*The task*:
Determine which lines of the records include the word "Bear", and copy them.

*Provided data*:
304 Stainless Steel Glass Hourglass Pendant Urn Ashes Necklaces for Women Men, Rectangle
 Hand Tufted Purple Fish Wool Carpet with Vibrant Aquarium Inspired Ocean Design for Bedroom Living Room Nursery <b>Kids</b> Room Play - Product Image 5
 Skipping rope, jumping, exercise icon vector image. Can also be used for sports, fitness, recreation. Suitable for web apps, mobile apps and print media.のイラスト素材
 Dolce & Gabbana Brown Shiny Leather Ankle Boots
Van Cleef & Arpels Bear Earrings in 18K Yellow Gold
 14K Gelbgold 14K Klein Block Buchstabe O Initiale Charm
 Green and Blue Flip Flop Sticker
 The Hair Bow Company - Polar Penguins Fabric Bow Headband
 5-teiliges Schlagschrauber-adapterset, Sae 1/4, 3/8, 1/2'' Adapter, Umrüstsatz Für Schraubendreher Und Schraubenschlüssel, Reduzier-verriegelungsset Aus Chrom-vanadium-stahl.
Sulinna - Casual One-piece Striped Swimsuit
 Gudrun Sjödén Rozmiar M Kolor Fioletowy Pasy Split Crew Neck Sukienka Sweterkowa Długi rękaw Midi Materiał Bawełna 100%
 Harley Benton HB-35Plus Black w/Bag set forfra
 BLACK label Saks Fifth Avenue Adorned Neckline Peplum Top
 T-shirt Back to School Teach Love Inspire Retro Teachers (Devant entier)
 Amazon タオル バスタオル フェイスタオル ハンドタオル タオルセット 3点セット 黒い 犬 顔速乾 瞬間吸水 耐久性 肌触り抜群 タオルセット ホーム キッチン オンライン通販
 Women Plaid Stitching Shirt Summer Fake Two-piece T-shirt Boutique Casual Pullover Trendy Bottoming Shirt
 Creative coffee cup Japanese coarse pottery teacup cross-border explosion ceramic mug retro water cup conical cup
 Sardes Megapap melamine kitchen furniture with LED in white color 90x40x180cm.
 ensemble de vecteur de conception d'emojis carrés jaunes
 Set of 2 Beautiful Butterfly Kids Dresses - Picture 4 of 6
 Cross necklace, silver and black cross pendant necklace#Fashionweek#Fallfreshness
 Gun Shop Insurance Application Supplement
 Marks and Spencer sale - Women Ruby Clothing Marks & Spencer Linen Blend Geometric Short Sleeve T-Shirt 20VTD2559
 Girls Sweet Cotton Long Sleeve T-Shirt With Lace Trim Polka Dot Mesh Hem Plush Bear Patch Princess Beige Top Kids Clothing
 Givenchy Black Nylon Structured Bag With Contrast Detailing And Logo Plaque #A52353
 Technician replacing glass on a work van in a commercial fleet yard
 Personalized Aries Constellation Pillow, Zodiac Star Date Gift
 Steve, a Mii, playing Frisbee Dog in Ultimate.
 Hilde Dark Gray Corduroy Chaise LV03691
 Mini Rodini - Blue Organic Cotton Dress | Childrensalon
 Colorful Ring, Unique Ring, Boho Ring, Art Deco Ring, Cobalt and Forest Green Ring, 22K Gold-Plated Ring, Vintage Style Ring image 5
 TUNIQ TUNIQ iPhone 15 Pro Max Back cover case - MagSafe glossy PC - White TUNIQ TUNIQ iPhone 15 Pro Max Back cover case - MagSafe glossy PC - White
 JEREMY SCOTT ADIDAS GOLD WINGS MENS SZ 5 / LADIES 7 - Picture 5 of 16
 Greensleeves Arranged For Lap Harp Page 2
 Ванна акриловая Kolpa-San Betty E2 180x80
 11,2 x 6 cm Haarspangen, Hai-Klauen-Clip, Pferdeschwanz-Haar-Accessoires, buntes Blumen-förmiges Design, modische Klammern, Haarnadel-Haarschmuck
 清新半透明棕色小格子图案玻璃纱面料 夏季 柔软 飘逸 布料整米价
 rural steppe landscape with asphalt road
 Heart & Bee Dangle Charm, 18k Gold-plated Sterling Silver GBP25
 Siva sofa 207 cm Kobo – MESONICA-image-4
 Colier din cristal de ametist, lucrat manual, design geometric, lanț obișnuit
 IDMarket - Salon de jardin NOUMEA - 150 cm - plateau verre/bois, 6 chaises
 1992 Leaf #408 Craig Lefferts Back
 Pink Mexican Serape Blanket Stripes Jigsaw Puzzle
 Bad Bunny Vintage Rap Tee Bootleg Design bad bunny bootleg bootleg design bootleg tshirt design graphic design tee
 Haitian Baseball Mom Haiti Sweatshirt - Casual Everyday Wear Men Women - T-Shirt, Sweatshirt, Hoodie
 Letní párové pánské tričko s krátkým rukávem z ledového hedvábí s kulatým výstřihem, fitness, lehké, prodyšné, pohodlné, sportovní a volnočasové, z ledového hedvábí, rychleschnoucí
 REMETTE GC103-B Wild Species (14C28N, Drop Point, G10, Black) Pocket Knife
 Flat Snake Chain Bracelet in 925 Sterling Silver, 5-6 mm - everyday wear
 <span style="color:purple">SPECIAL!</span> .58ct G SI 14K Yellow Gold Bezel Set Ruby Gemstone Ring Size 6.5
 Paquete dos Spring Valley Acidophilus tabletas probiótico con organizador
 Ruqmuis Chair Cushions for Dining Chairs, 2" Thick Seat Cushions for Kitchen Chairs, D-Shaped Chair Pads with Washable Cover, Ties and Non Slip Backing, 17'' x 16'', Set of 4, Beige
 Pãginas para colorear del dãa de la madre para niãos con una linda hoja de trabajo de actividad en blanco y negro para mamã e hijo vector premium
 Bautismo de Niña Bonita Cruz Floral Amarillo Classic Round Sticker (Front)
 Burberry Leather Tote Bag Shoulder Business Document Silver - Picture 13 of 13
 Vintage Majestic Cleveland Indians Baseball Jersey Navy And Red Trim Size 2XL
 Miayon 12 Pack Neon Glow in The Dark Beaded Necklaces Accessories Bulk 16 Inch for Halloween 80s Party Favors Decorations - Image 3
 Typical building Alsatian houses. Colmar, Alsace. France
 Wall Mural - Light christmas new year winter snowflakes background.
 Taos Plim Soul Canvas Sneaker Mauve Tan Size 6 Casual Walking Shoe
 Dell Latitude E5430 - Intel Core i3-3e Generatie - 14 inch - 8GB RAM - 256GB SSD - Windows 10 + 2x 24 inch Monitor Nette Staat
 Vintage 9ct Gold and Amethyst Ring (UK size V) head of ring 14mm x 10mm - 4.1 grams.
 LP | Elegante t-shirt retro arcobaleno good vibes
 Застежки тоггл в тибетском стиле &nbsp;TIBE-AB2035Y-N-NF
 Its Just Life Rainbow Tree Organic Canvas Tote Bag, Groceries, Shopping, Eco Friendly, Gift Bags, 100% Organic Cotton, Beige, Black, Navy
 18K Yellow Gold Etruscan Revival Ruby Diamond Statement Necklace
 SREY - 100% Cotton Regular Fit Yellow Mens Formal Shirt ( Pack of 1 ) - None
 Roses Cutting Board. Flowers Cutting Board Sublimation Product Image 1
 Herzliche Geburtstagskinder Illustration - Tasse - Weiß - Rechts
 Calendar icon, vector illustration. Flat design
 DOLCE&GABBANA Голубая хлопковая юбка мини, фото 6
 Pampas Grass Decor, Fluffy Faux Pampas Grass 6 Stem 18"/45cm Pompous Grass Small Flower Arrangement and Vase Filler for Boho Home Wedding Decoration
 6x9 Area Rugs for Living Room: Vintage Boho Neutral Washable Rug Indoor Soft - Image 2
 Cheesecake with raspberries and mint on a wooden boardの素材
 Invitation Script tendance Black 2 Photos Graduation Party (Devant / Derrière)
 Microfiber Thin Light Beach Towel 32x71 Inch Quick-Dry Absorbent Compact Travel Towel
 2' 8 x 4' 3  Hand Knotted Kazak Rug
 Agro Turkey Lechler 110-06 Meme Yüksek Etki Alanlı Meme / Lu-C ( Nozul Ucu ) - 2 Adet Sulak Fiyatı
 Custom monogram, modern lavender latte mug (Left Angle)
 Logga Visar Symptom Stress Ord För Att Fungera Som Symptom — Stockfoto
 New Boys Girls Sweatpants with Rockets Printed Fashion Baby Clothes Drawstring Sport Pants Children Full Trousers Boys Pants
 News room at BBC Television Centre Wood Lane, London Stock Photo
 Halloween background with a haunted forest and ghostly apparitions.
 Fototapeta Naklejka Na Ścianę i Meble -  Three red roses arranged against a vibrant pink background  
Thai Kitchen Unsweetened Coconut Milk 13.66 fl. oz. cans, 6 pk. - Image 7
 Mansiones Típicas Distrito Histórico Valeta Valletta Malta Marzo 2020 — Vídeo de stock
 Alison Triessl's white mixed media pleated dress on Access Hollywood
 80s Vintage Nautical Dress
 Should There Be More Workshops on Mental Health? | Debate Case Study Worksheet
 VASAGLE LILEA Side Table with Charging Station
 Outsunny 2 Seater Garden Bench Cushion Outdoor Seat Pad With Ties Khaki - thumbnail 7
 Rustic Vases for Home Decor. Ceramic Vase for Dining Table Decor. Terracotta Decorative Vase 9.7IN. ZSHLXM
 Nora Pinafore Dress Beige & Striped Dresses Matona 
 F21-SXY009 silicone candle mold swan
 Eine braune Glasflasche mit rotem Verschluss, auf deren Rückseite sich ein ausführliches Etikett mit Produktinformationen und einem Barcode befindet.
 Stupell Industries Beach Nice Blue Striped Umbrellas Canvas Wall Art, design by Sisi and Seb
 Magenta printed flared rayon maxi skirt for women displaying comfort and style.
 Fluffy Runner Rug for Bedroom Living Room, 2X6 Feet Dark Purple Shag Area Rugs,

*Answer section*:
Van Cleef & Arpels Bear Earrings in 18K Yellow Gold
 Girls Sweet Cotton Long Sleeve T-Shirt With Lace Trim Polka Dot Mesh Hem Plush Bear Patch Princess Beige Top Kids Clothing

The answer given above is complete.